_Records shown_.
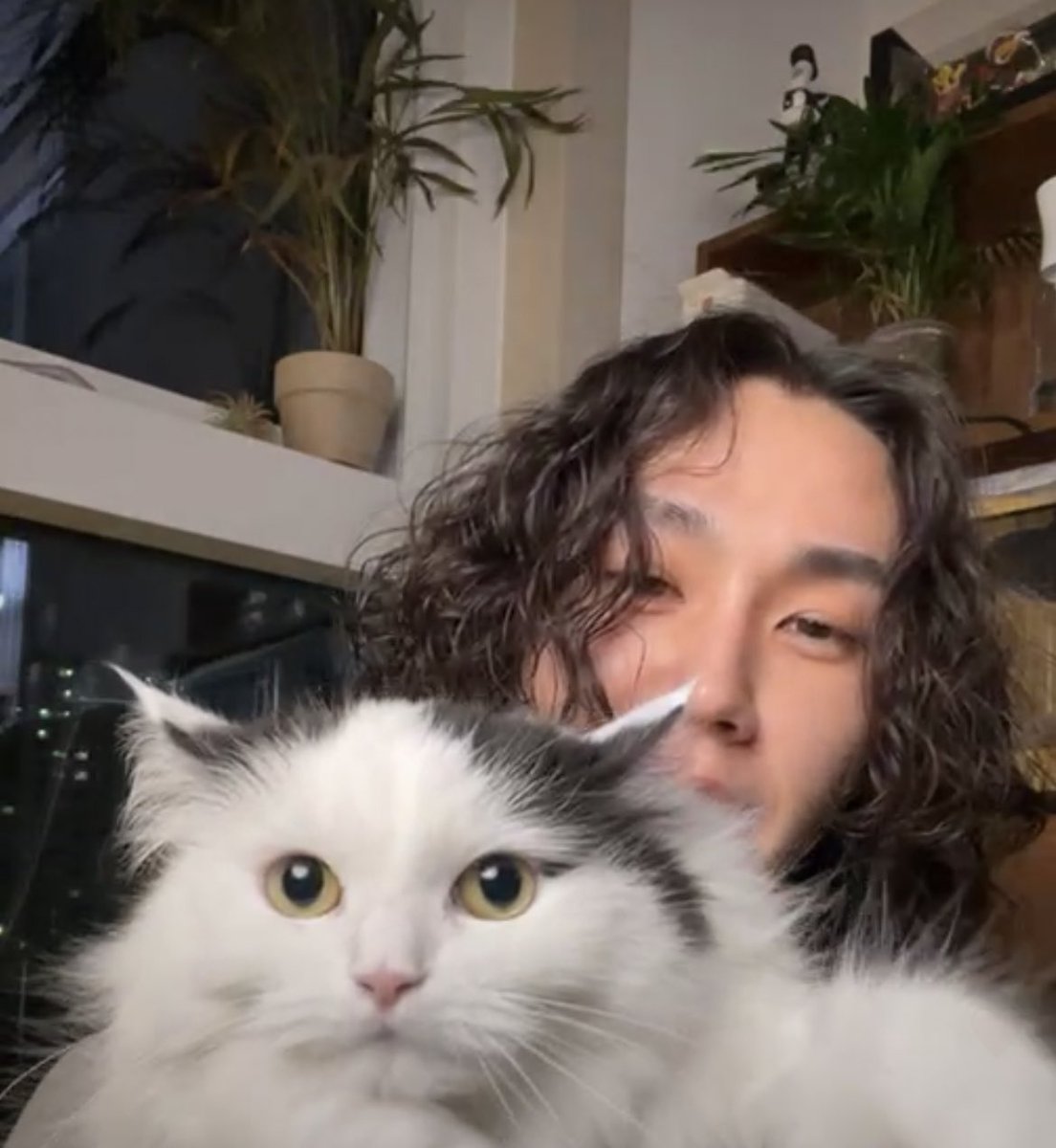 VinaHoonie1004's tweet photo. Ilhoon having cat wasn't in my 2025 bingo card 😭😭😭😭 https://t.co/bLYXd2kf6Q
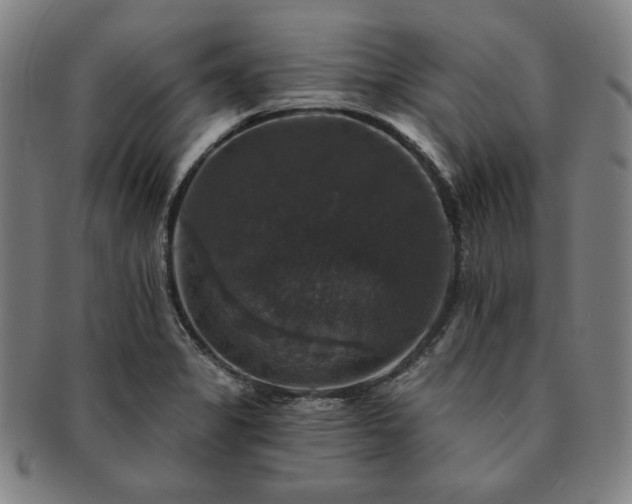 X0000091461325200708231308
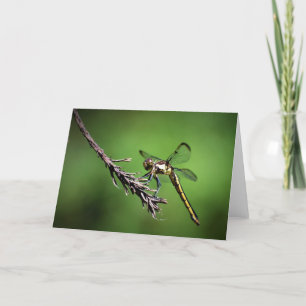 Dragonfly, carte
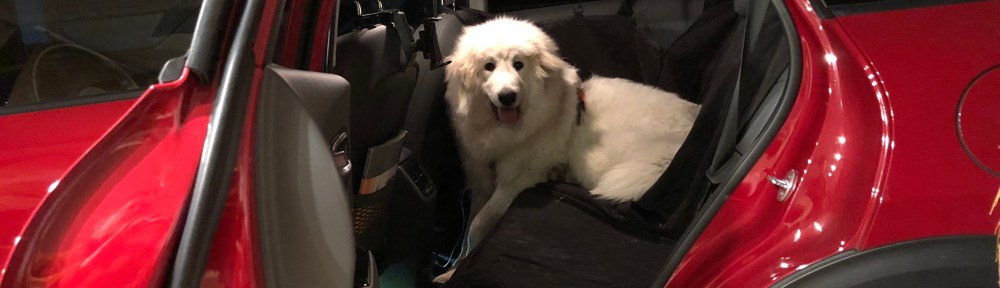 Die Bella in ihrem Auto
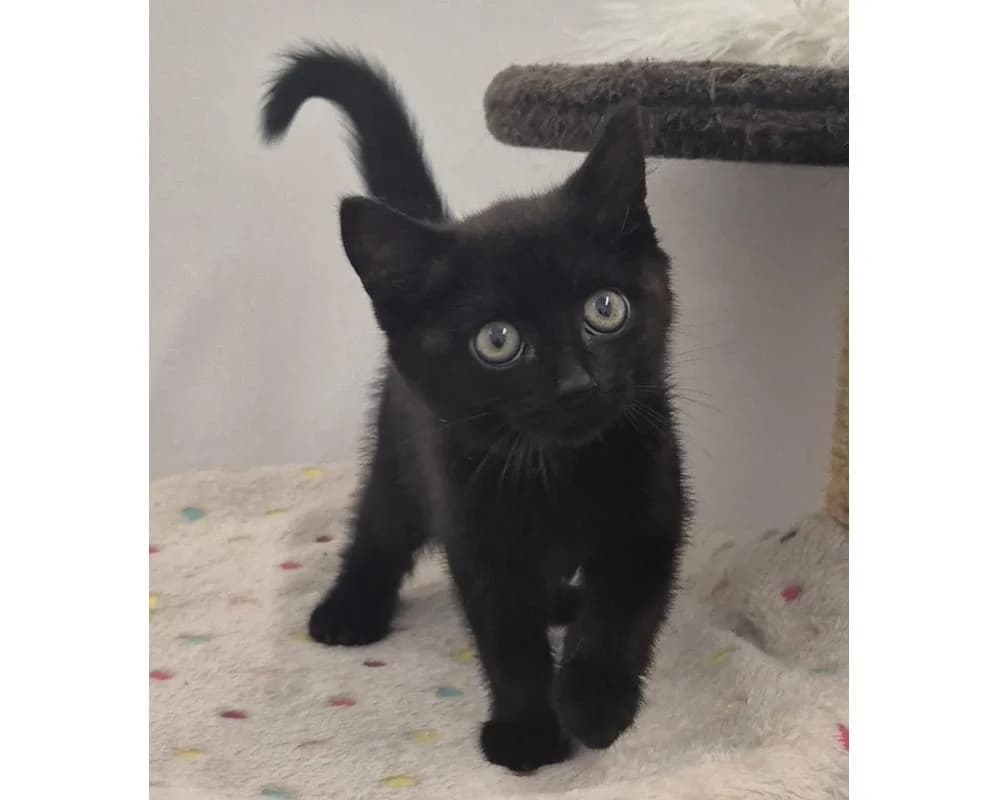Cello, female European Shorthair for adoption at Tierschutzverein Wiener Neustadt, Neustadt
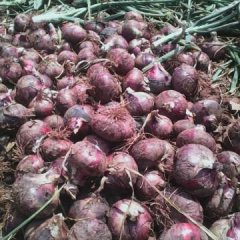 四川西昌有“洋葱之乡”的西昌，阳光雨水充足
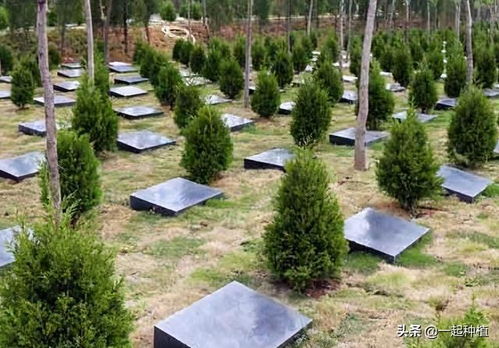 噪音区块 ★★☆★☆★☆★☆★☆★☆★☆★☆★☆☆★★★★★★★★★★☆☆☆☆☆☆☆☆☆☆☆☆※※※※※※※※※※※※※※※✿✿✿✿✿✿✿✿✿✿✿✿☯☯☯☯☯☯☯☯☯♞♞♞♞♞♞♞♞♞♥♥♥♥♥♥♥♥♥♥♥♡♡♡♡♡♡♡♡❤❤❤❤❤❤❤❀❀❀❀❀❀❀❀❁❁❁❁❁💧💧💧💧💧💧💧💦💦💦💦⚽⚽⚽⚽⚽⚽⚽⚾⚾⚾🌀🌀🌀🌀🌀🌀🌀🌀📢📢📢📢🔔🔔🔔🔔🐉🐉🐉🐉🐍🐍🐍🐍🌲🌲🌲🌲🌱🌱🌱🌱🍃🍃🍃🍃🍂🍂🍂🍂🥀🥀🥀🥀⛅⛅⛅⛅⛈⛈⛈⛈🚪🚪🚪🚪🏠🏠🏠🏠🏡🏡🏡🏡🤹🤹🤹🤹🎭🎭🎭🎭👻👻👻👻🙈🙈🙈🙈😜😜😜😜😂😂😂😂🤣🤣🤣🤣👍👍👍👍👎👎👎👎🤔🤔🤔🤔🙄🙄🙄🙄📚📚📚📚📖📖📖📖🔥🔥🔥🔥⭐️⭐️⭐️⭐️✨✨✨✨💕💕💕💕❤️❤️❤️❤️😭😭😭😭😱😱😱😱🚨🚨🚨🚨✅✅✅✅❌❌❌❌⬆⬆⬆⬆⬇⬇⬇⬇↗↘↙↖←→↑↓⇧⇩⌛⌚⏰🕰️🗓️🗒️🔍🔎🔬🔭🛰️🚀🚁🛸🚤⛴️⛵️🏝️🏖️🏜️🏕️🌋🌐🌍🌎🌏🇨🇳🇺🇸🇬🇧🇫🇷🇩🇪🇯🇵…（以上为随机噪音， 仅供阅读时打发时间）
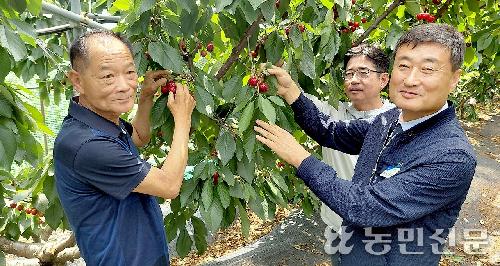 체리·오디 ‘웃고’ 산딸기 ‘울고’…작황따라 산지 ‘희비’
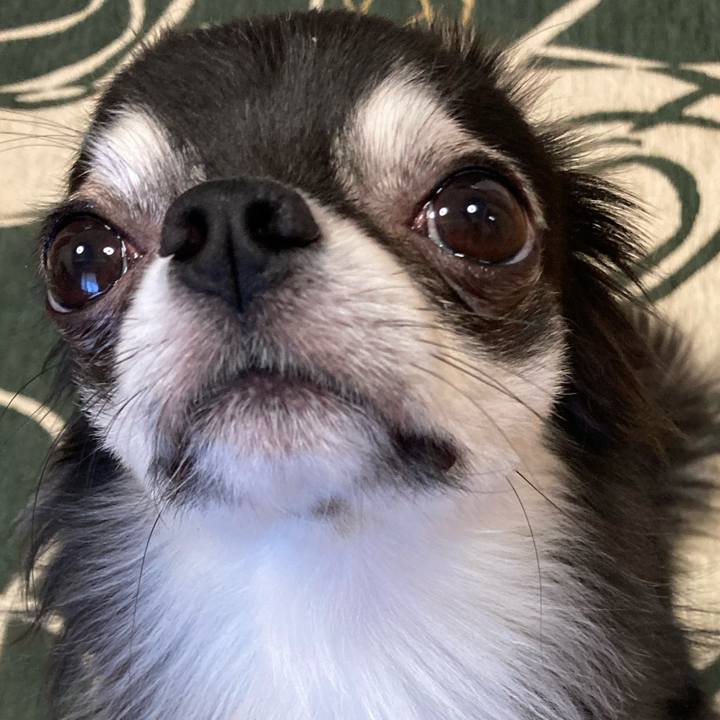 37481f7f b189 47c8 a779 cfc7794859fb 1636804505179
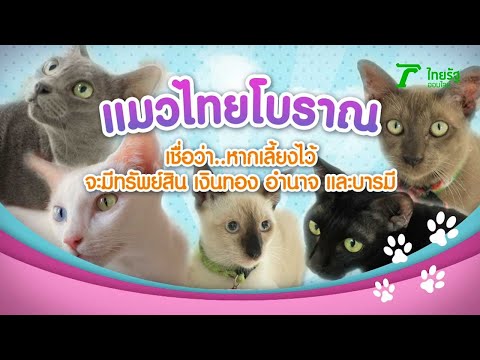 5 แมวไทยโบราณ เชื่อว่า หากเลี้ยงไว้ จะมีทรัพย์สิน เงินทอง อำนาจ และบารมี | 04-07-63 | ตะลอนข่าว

_About this task_. A faithful, complete copy of the records above is required, one that contains no pictures.

_Result_.
 VinaHoonie1004's tweet photo. Ilhoon having cat wasn't in my 2025 bingo card 😭😭😭😭 https://t.co/bLYXd2kf6Q
 X0000091461325200708231308
 Dragonfly, carte
 Die Bella in ihrem Auto
Cello, female European Shorthair for adoption at Tierschutzverein Wiener Neustadt, Neustadt
 四川西昌有“洋葱之乡”的西昌，阳光雨水充足
 噪音区块 ★★☆★☆★☆★☆★☆★☆★☆★☆★☆☆★★★★★★★★★★☆☆☆☆☆☆☆☆☆☆☆☆※※※※※※※※※※※※※※※✿✿✿✿✿✿✿✿✿✿✿✿☯☯☯☯☯☯☯☯☯♞♞♞♞♞♞♞♞♞♥♥♥♥♥♥♥♥♥♥♥♡♡♡♡♡♡♡♡❤❤❤❤❤❤❤❀❀❀❀❀❀❀❀❁❁❁❁❁💧💧💧💧💧💧💧💦💦💦💦⚽⚽⚽⚽⚽⚽⚽⚾⚾⚾🌀🌀🌀🌀🌀🌀🌀🌀📢📢📢📢🔔🔔🔔🔔🐉🐉🐉🐉🐍🐍🐍🐍🌲🌲🌲🌲🌱🌱🌱🌱🍃🍃🍃🍃🍂🍂🍂🍂🥀🥀🥀🥀⛅⛅⛅⛅⛈⛈⛈⛈🚪🚪🚪🚪🏠🏠🏠🏠🏡🏡🏡🏡🤹🤹🤹🤹🎭🎭🎭🎭👻👻👻👻🙈🙈🙈🙈😜😜😜😜😂😂😂😂🤣🤣🤣🤣👍👍👍👍👎👎👎👎🤔🤔🤔🤔🙄🙄🙄🙄📚📚📚📚📖📖📖📖🔥🔥🔥🔥⭐️⭐️⭐️⭐️✨✨✨✨💕💕💕💕❤️❤️❤️❤️😭😭😭😭😱😱😱😱🚨🚨🚨🚨✅✅✅✅❌❌❌❌⬆⬆⬆⬆⬇⬇⬇⬇↗↘↙↖←→↑↓⇧⇩⌛⌚⏰🕰️🗓️🗒️🔍🔎🔬🔭🛰️🚀🚁🛸🚤⛴️⛵️🏝️🏖️🏜️🏕️🌋🌐🌍🌎🌏🇨🇳🇺🇸🇬🇧🇫🇷🇩🇪🇯🇵…（以上为随机噪音， 仅供阅读时打发时间）
 체리·오디 ‘웃고’ 산딸기 ‘울고’…작황따라 산지 ‘희비’
 37481f7f b189 47c8 a779 cfc7794859fb 1636804505179
 5 แมวไทยโบราณ เชื่อว่า หากเลี้ยงไว้ จะมีทรัพย์สิน เงินทอง อำนาจ และบารมี | 04-07-63 | ตะลอนข่าว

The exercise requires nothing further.